§ **SUPPLIED MATERIAL**:
....
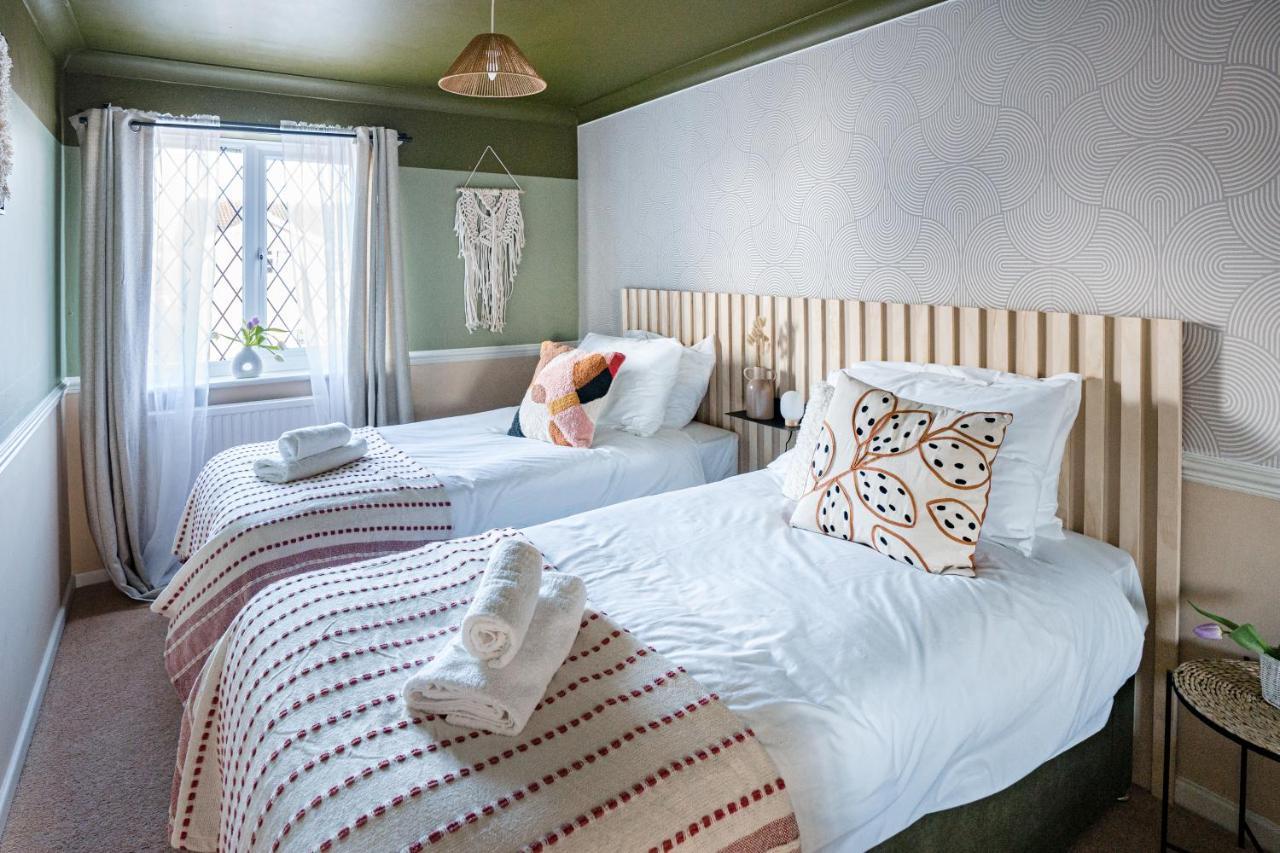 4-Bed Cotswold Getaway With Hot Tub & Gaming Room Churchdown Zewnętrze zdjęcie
....
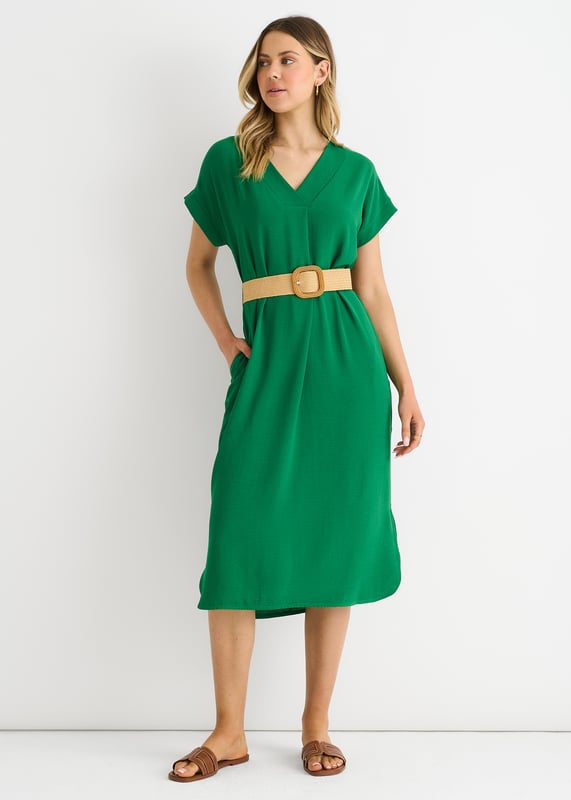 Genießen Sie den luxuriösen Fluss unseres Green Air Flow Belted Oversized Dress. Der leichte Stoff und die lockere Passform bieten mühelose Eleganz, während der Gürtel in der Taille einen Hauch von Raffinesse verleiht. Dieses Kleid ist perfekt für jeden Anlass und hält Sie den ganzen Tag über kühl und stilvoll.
....
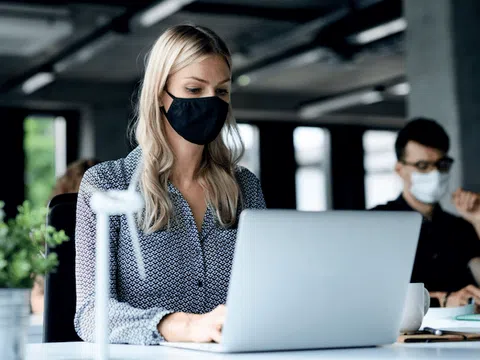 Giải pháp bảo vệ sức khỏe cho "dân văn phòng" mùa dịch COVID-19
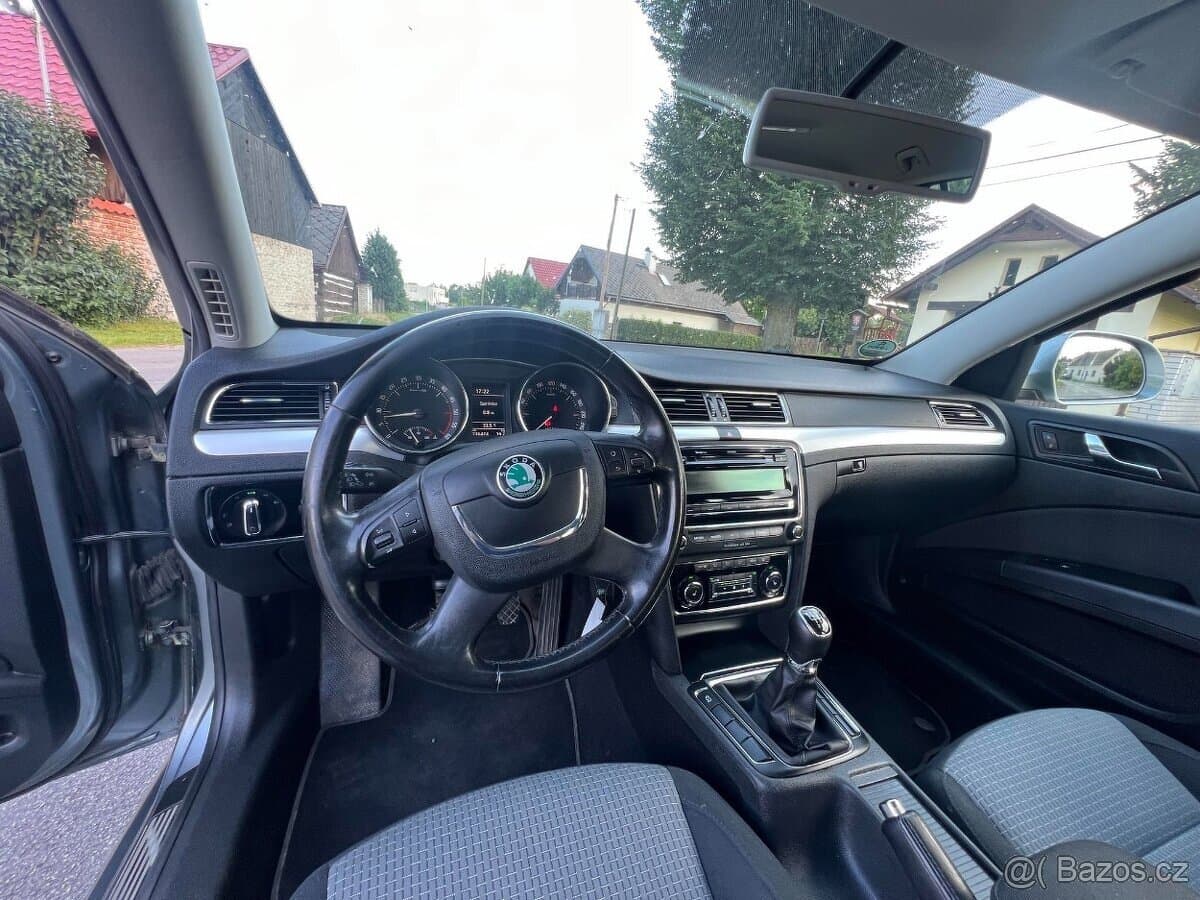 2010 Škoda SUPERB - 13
....
From the records above, copy only the lines running from the line containing "Giải pháp bảo" to the line containing "2010 Škoda SUPERB - 13", both ends included. Leave the pictures out.

§ **SOLUTION TO THIS TASK**:
 Giải pháp bảo vệ sức khỏe cho "dân văn phòng" mùa dịch COVID-19
 2010 Škoda SUPERB - 13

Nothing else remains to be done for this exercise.